Eine Schweizerin zügelt in Chile die Pferde
Schon als kleines Mädchen war Ivana Franz von Pferden fasziniert. Dabei hatte in ihrer Familie niemand eine Beziehung zum Reitsport. Heute ist sie die einzige Frau in Chile, die westernreitet, und eine der besten Vertreterinnen dieser Disziplin.
Dieses Jahr vertrat sie Chile am jährlichen Treffen der Internationalen Vereinigung der Züchter einheimischer Pferde (FICCC), der wichtigsten Meisterschaft in Südamerika.
Sie erinnert sich nicht, wann oder weshalb dieses Interesse für die Vierbeiner entstanden war, wohl aber, dass es schon im Kleinkindalter war.
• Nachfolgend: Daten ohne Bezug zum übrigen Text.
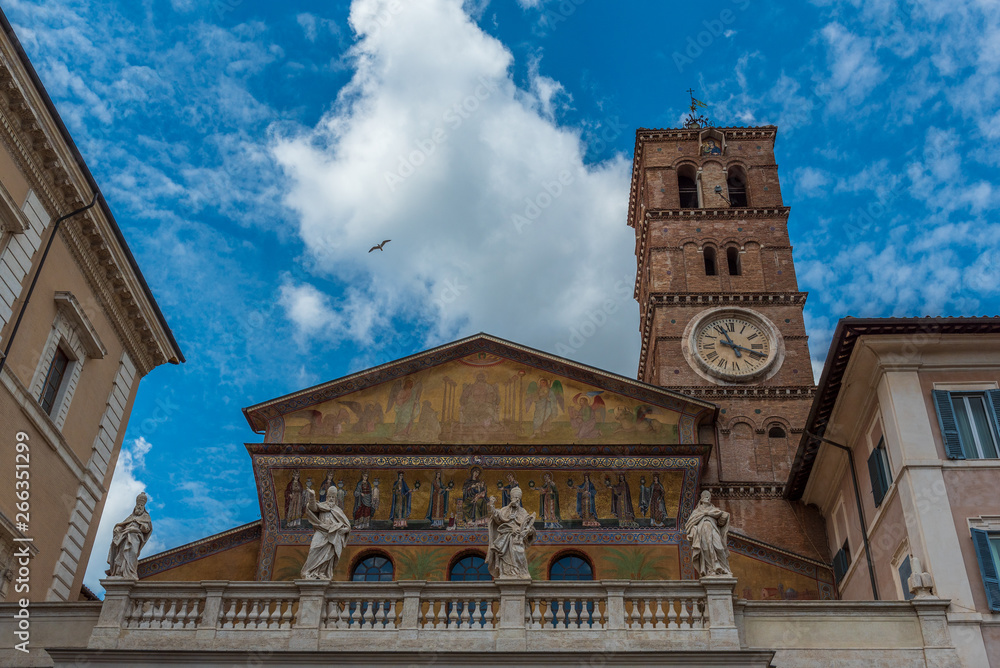 Baroque fountain of Bramante and church of Santa Maria in Trastevere, Piazza Santa Maria in Trastevere square, district of Trastevere, Rome, Lazio, Italy, Europe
Eine Familien-Anekdote illustriert dies: Als sie eben gehen lernte, brachte sie ihre Mutter in einen Park in ihrer Geburtsstadt Zürich. Doch anstatt zu spielen, ging Ivana direkt zu einem Pferd und umarmte seine Beine.
«Irgendetwas hatten sie, dass mich besonders anzog», erinnert sie sich heute. Seltsamerweise hatten ihre Eltern überhaupt keine Beziehung zum Reitsport. «In der Tat musste ich als Kind kämpfen, damit mich meine Eltern in einen Reitkurs einschrieben. Einen Grossteil meiner Jugend verbrachte ich mit dem Putzen von Reitställen, als meine Mutter die Reitstunden nicht mehr bezahlen konnte.»
Nach dem Schulunterricht ging sie direkt in den Reitklub, in der Hoffnung, man würde sie vielleicht für einen Augenblick reiten lassen.
Nach dem Schulabschluss arbeitete sie bei verschiedenen Pferdezüchtern und bildete sich in Irland und Frankreich als Zureiterin aus. Gleichzeitig schloss sie ihre Ausbildung als Kinäsiologin ab.
Eine Sommerliebe
2001 reiste sie nach Chile, wo ein Teil ihrer Familie väterlicherseits lebt. Ein Cousin stellte ihr seinen besten Freund vor, mit welchem sie kurz darauf eine Beziehung begann.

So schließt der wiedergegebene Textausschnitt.